=== Exercise prompt ===
Starting with the line with "Interruptor Disyuntor Inteligente" in the entries below and going on through the line with "carrot icon sign signifier vector", output every line exactly and nothing more. No pictures.

(Items listed in a dataset)
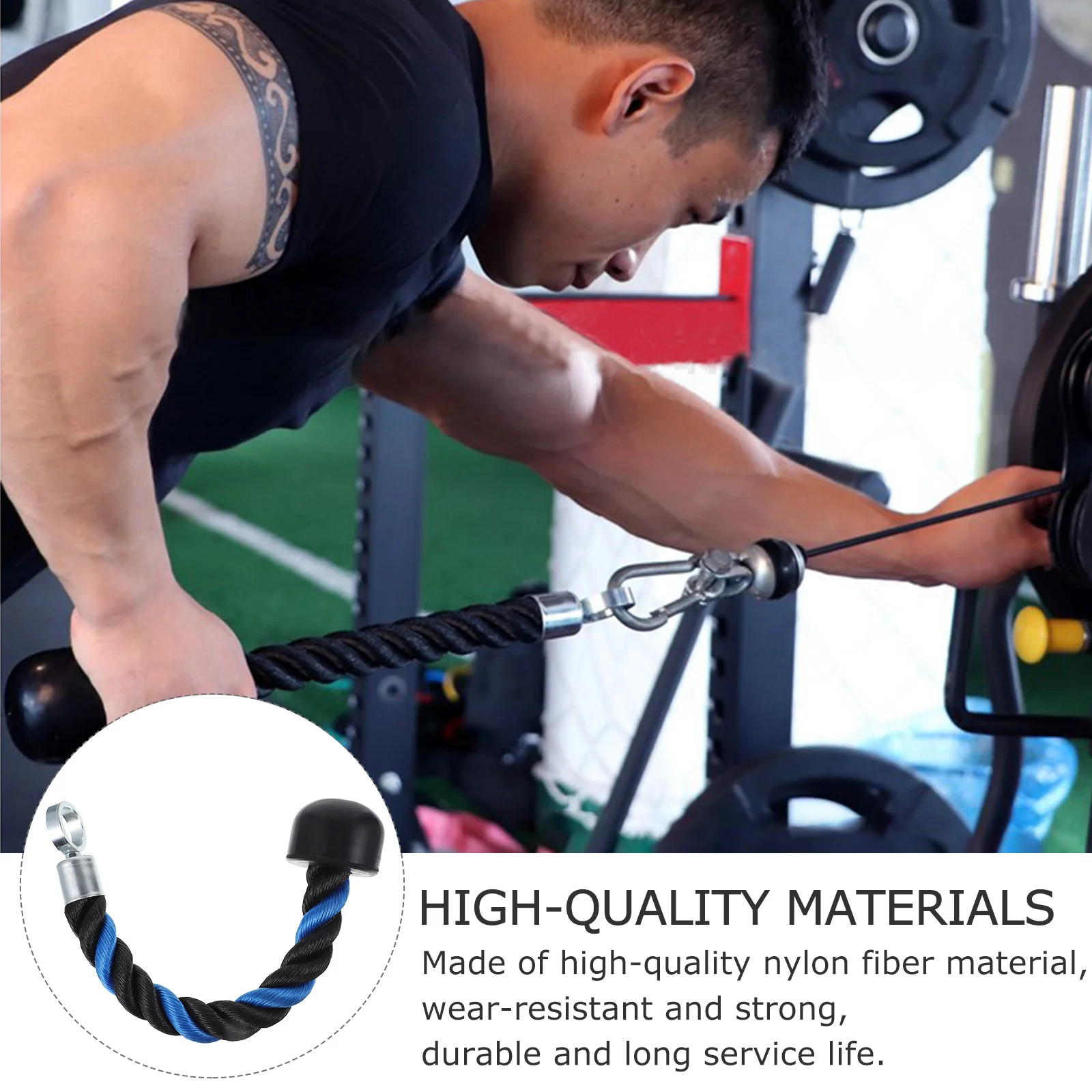 Gym Accessories Heavy Duty Triceps Rope Single Grip Pull Down Cord for Strength Training Triceps Rope Pull Down Cord
Gym Accessories Heavy Duty Triceps Rope Single Grip Pull Down Cord for Strength Training Triceps Rope Pull Down Cord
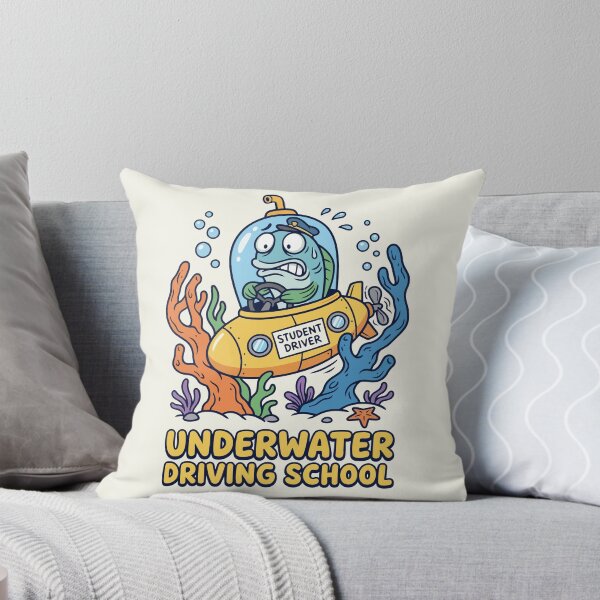 Item preview, underwater driving school designed and sold by Trippin-Tito's.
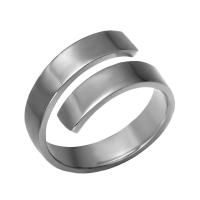 Titan Edelstahl Ringe, Titanstahl, plattiert, unisex, keine, 12mm, Größe:8, verkauft von PC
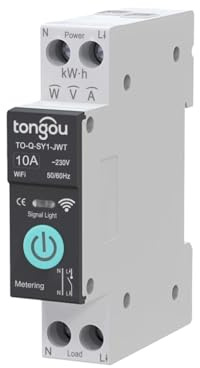 Interruptor Disyuntor Inteligente TUYA Wifi 1P 6A 10A 16A 20A 25A 32A 40A 50A 63A Interruptor Wifi De Control Remoto Inalámbrico Para El Hogar Inteligente Para El Hogar (10A Con Medición)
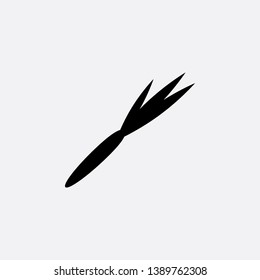 carrot icon sign signifier vector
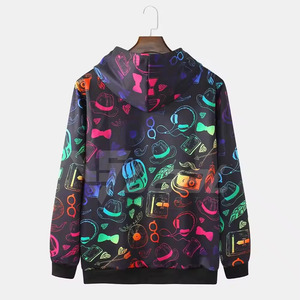 Sweat-shirts à capuche de haute qualité pour hommes, vente en gros, sweats-shirts légers en coton mélangé personnalisés pour hommes - Product Image 2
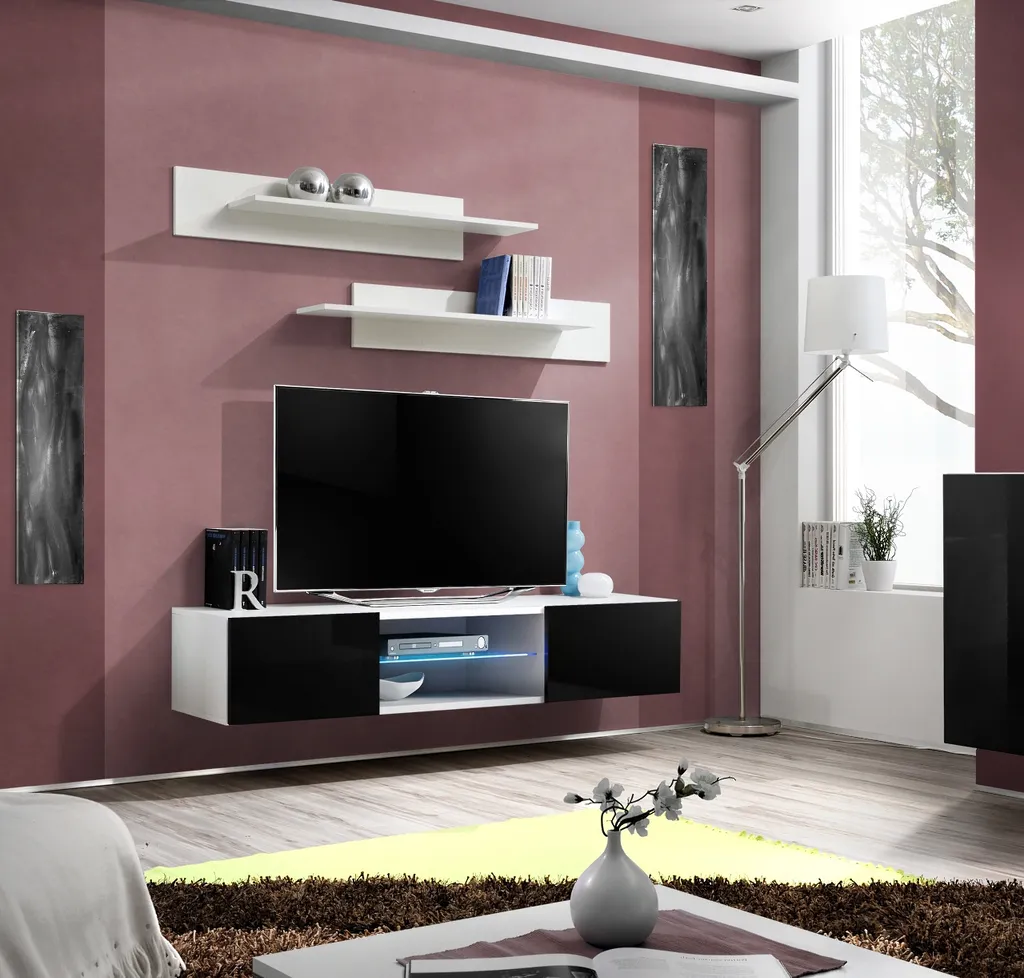 Offerta Mobile TV FREYA Bianco Nero: Qualità Garantita per il Living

=== Answer section ===
 Interruptor Disyuntor Inteligente TUYA Wifi 1P 6A 10A 16A 20A 25A 32A 40A 50A 63A Interruptor Wifi De Control Remoto Inalámbrico Para El Hogar Inteligente Para El Hogar (10A Con Medición)
 carrot icon sign signifier vector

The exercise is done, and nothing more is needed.